### Caption-style text data
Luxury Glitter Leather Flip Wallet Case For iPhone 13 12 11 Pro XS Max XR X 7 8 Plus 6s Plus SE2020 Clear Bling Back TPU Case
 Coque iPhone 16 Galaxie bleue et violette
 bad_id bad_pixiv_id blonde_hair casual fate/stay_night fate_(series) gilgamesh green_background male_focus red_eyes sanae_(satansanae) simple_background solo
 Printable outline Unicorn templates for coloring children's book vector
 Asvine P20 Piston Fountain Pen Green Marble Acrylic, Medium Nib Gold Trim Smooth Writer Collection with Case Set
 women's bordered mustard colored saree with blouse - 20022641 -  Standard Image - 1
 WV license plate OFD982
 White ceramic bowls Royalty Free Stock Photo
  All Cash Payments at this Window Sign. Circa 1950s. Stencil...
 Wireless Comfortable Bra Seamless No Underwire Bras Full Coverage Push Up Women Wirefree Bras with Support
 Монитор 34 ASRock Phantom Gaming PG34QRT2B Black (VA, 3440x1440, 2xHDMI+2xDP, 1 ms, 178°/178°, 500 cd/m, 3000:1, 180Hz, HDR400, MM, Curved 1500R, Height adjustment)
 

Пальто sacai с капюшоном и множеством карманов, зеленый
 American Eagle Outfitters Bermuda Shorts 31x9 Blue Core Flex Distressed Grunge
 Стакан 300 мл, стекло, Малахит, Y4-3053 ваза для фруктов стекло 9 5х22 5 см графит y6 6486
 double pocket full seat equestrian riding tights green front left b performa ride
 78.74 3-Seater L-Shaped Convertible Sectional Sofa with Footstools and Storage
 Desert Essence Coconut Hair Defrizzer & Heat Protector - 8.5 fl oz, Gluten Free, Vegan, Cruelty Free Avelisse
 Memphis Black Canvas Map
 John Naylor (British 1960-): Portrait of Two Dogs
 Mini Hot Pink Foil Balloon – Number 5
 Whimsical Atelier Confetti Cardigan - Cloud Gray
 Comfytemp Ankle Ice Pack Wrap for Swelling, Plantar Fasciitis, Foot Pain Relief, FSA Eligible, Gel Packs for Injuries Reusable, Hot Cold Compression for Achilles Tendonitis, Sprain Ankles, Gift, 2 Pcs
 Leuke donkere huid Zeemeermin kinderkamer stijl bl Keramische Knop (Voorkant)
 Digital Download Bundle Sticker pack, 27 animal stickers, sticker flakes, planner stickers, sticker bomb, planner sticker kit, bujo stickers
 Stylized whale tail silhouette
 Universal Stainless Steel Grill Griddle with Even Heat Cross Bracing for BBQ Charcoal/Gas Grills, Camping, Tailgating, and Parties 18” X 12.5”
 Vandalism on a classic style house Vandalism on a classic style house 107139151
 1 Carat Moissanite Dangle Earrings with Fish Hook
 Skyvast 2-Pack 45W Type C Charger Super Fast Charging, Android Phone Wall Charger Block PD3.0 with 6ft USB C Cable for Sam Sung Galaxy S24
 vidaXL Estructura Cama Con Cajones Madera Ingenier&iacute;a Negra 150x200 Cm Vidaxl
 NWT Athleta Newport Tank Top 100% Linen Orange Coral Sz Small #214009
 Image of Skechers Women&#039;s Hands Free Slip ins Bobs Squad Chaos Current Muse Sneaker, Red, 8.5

### Work instructions
Copy every line of the data that holds the string "Case".

### Solution to the problem
Luxury Glitter Leather Flip Wallet Case For iPhone 13 12 11 Pro XS Max XR X 7 8 Plus 6s Plus SE2020 Clear Bling Back TPU Case
 Asvine P20 Piston Fountain Pen Green Marble Acrylic, Medium Nib Gold Trim Smooth Writer Collection with Case Set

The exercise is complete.